Juan Pablo Montoya has laid the blame for the collision that eliminated both Mercedes drivers from the Spanish Grand Prix on Lewis Hamilton, who the Colombian thinks was too “optimistic” trying to pass Nico Rosberg.
The clash at Turn 4, which resulted in both Hamilton and Rosberg being eliminated on the spot and paved the way for Max Verstappen to take a sensational maiden win, was deemed to be a racing incident by the stewards.
However, former Williams and McLaren F1 star Montoya thinks that Hamilton should have foreseen Rosberg’s move across the track to defend his position.
“Hamilton was really optimistic to be honest,” Montoya told Motorsport.com when asked for his opinion on the incident. “Was he expecting he was gonna get some room?
“After you pull a pass like that the start, there is no way – even if he was in the wrong position – that Rosberg was going to give him an inch.
“You have to see it coming. Being a teammate they should perhaps have been a little fairer [in battle], but from a pure racing perspective… really?”
Haas dip in form “weird”
Asked for his thoughts on the Haas F1 team’s start to the season, Montoya said he was puzzled by the American outfit’s subdued form since Romain Grosjean’s points-scoring finishes in Australia and Bahrain.
“They’ve surprised me how fast they were [in the first two races],” said the Penske IndyCar driver. “Then they surprised me like, ‘what happened? Where did they go?’

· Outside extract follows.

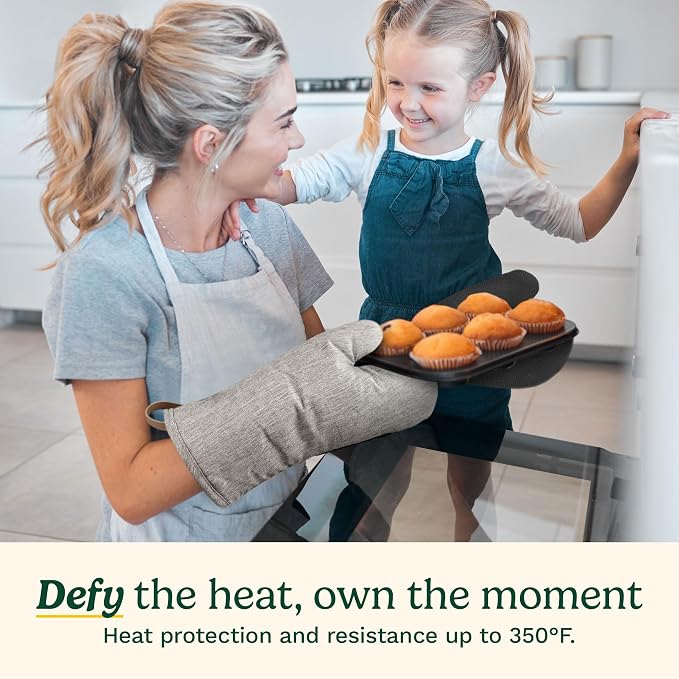 Cuisinart Heritage Kitchen Oven Mitts, Heat-Resistant, 2-Pack, 7"x13" | Non-slip neoprene palm grips up to 350°F, long cuff shields forearms, hang loop for storage, handles cast iron and grilling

“They had it, they made everybody look like a fool, and then a lot of the speed went away.
“I don’t know, it’s weird – in the first two races, they were unbelievable.”
Top-five in NASCAR possible for Grosjean
Grosjean has expressed a desire to try his hand at NASCAR – potentially at Sonoma during the F1 summer break – and former Cup driver Montoya says a top-five finish would be an attainable result for the Frenchman.
“Take your time with the car, because they are so slow on a road course,” said Montoya when asked what advice he would have for Grosjean on his NASCAR debut.
“People think that doing a road course with a Cup car would make you feel really good – but 80 percent of the corners are in first gear, and you’re going so slow.
“Sonoma is all about how well you put the power down. If you can get the car turned and put the power down, you’ll get a top five.”